“Pupa, non costringermi a infilarti un piede su per il culo”
Terzo film di Tarantino, dopo “Le Iene” e “Pulp Fiction“. Sicuramente un film anomalo per la produzione dell’osannato regista, caratterizzato da minori colpi di scena, situazioni meno stravaganti e inverosimili, e che solo a tratti ritrova i suoi inarrestabili dialoghi. Ebbe proprio per questo uno scarso successo al cinema tanto da essere considerato un flop, salvo poi venir “rispolverato” negli ultimi anni.

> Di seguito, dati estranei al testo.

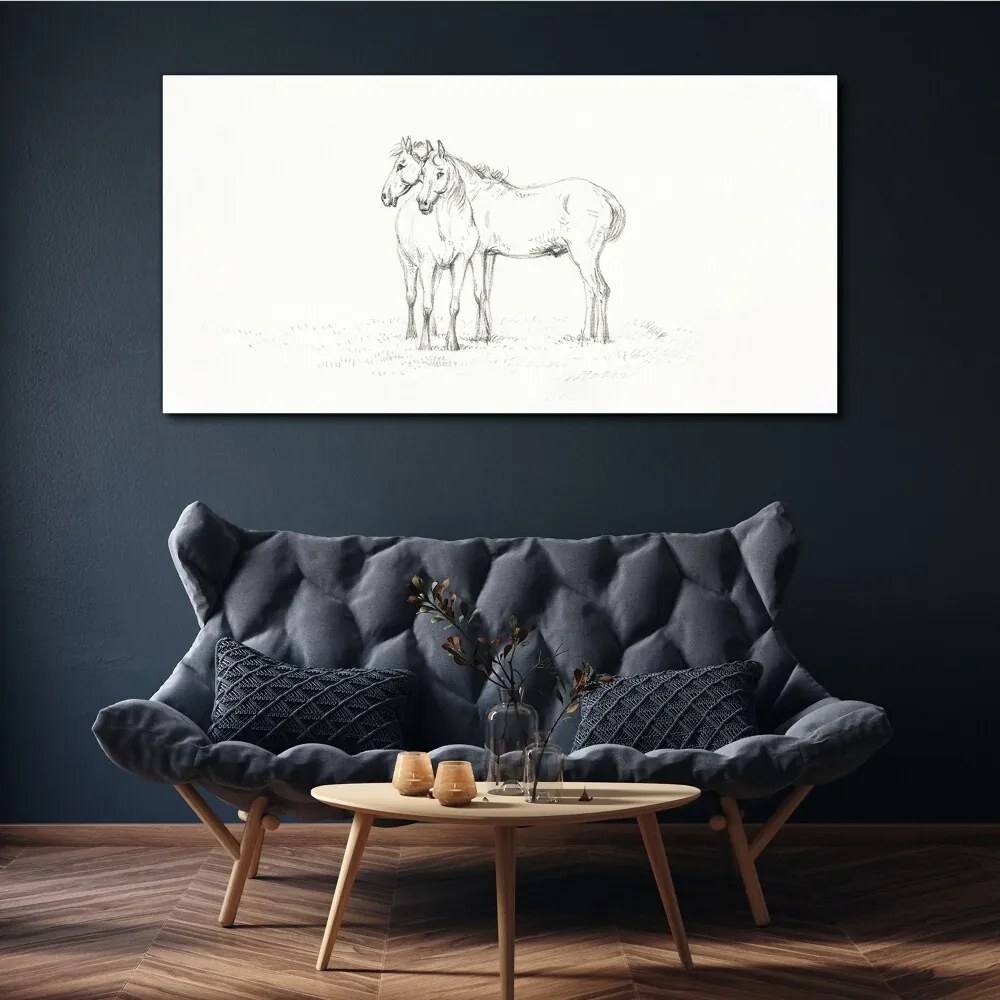 Obraz na plátne Kreslenie zvierat Kone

La vicenda, particolarmente lineare per gli standard tarantiniani, parla appunto di Jackie, una hostess che arrotonda il magro stipendio trasportando denaro sporco e cocaina per conto di Ordell (Samuel L. Jackson), stravagante trafficante d’armi, sicuramente il personaggio trainante e meglio riuscito della pellicola. Il piano non va per il giusto verso e Jackie, una volta incastrata, sarà costretta a collaborare con la polizia, cercando di trarre il massimo profitto da questa situazione. Come di consueto non è la trama in sé e per sé a fare la differenza nei lungometraggi del regista statunitense, bensì come essa si sviluppa, rendendo le scene mai banali e mai superflue.
A conti fatti, Jackie Brown, risulta meno conosciuto dei due predecessori, non per questo meno convincente. Inoltre, a “condire” il ricco piatto che ci serve il regista, ci sono Robert De Niro, che interpreta Louis Gara, distratto collaboratore di Ordell, e l’ammaliante Bridget Fonda (Melanie), di certo ingredienti da non sottovalutare. Per continuare la nostra metafora gastronomica mi piace segnalare come agli occhi del grande pubblico questa pellicola, come il vino, sia migliorata negli anni. Non vi rimane che affrettarvi a stapparla.